Yandex has developed a new method of machine learning called CatBoost. It allows you to efficiently train models in line with heterogeneous data - such as user location, operation history and device type. The library of computer training CatBoost is released in public access, it can be used by all comers.
To work with CatBoost, it’s enough to install it on your computer. The library supports Linux, Windows and macOS operating systems and is available in Python and R programming languages. Yandex has also developed a CatBoost Viewer visualization program that allows you to monitor the learning process on the charts. You can download CatBoost and CatBoost Viewer on GitHub.

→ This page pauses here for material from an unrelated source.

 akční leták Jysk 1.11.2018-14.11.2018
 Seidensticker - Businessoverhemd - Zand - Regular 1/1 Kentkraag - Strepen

CatBoost is the heir of the Matrixnet machine learning method, which is used in almost all Yandex services. Like Matrixnet, CatBoost employs the mechanism of gradient boosting: it is well suited for working with heterogeneous data. But whereas Matrixnet teaches models on numerical data, CatBoost also takes into account the non-numerical ones, for example cloud types or types of buildings. Previously, such data had to be translated into the language of figures, which could change their essence and affect the accuracy of the model. Now they can be used in their original form. Thanks to this, CatBoost shows a higher quality of training than similar methods for working with heterogeneous data. It can be used in a variety of areas - from the banking sector to industrial needs.

Mikhail Bilenko, head of the of Yandex machine intelligence and research department:

Yandex has been engaged in machine training for many years, and CatBoost was created by the best specialists in this field. By releasing the library CatBoost in open access, we want to contribute to the development of machine learning. I must say that CatBoost is the first Russian method of machine learning, which became available in the open source. We hope that the community of experts will appreciate it and will help to do even better.

The new method has already been tested on Yandex services. As part of the experiment, it was used to improve search results, to rank the Yandex.Den recommendations tape and to calculate the weather forecast in Meteum technology - and in all cases proved to be better than Matrixnet. In the future, CatBoost will work on other services. It is also used by the Yandex Data Factory team - for their solutions for the industry, in particular for optimizing raw material consumption and predicting defects.

In addition, CatBoost was implemented by the European Center for Nuclear Research (CERN): they are using it to combine data obtained from different parts of the LHCb detector.